Sarah tugged at my sleeve. “Molly, we shouldn’t get involved in this. I need the help of these men. I don’t want to antagonize them. I’m sure they’re doing all they can.”
“They don’t seem to be,” I said angrily. “He doesn’t seem overly concerned. If it were my baby…” I stopped short as that awful vision flashed through my mind. My baby. If somebody stole my baby.
“The good sisters here will keep an eye open for your child,” the constable said, nodding to the nuns.
“We will indeed. And we can alert the sisters at the Foundling Hospital to be on the lookout as well.” She looked at her fellow nun for confirmation.
“But who can have taken her? Why would anyone do this?” The words came out as gulping sobs.
“I’m sure the baby will turn up again safe and sound,” the constable said. “Now why don’t you give us your address and…”
“Here we are, sir.” The young constable had reappeared, red-faced from running. “Another kidnapping, so they are saying.” He forced his way through the crowd. “Stand aside ladies and let the captain through.”

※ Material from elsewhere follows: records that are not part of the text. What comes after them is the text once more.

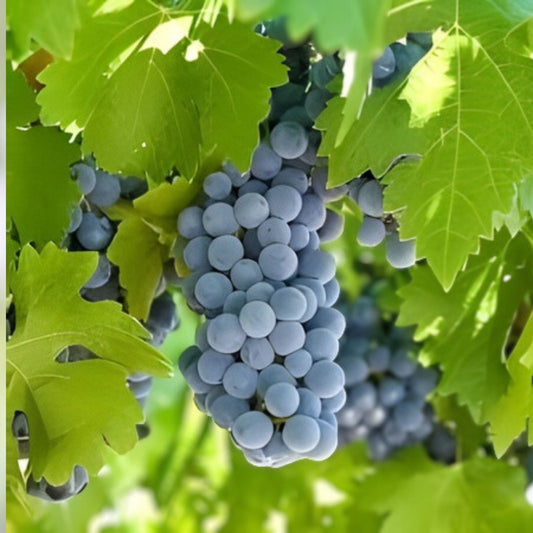 Grape Cuttings Mix - 7 Rooting Vitis vinifera Varieties for Home Garden, Fruit-Bearing Vine Propagation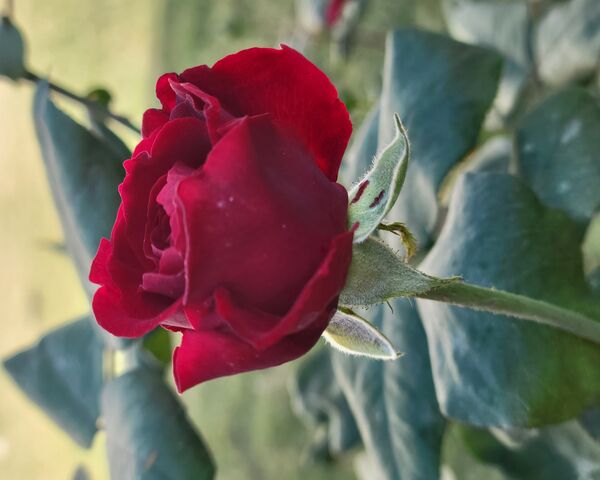 Beautiful Red Rose 🌹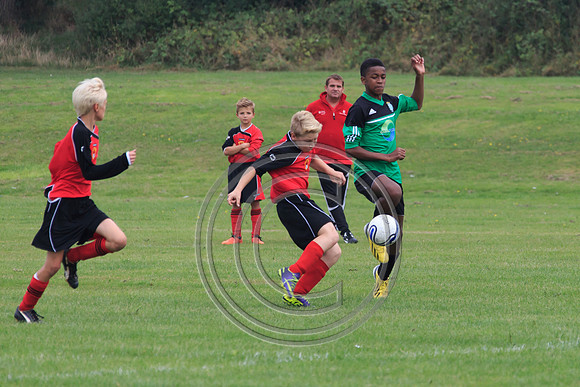 Eldon-2014 413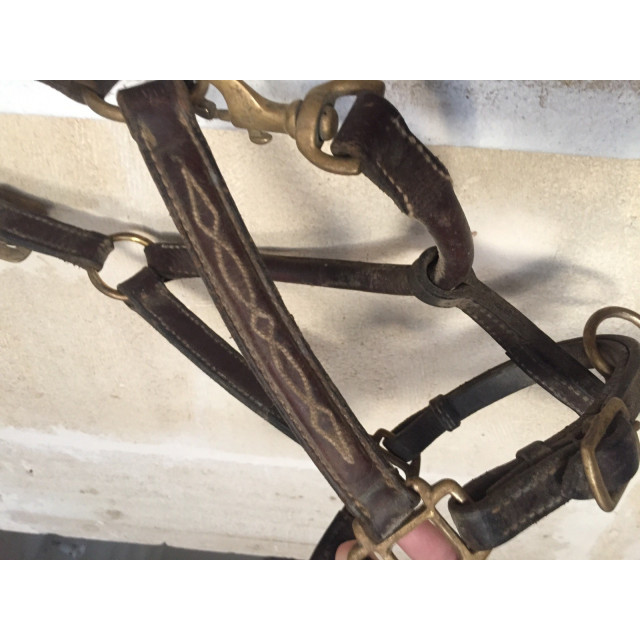 Licol cuir poney marron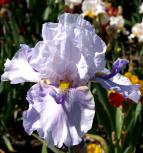 I'm So Confused - tall bearded Iris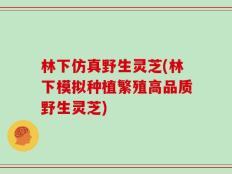 林下仿真野生灵芝(林下模拟种植繁殖高品质野生灵芝)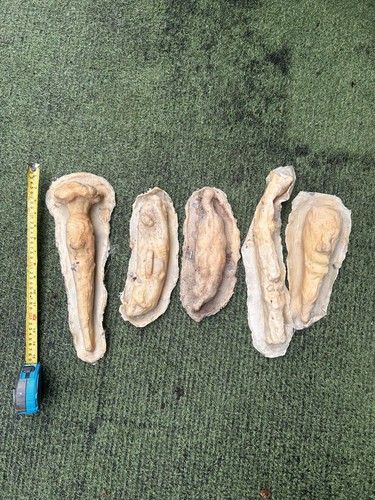 Latex moulds make - latex, fruit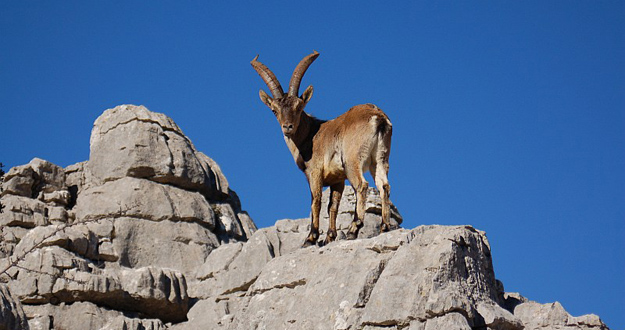 La población de cabra montés roza los 18.000 ejemplares en Sierra Nevada
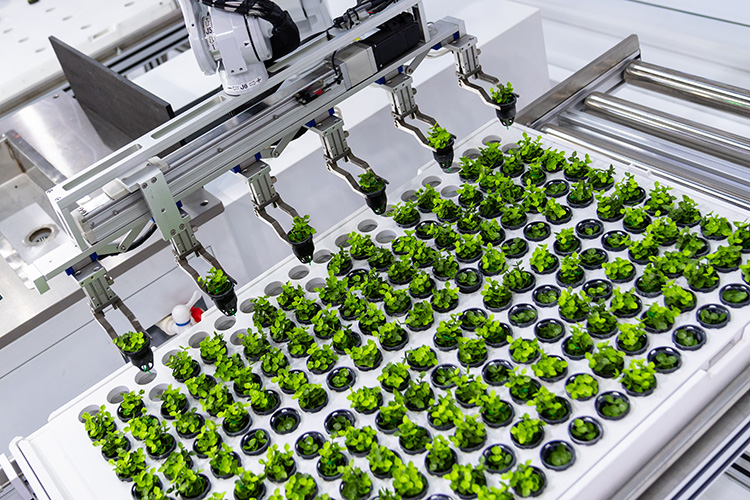 robotics and ai solutions for food processing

And to my horror Daniel materialized between the heads of the crowd. He strode impatiently to the center of the group with that confidence that bordered on arrogance.
“What’s going on, McHale?” he demanded.
“This woman’s baby’s been snatched from the buggy,” the constable said. “Just like the last one on Hester.”
“Are we sure it’s a kidnapping this time?” Daniel demanded. “Remember the last time they dragged me out only to find that the child’s grandmother had picked it up and gone into another store with it.”
“This lady doesn’t seem to have any relatives around here,” McHale said. “Newcomer to the city.”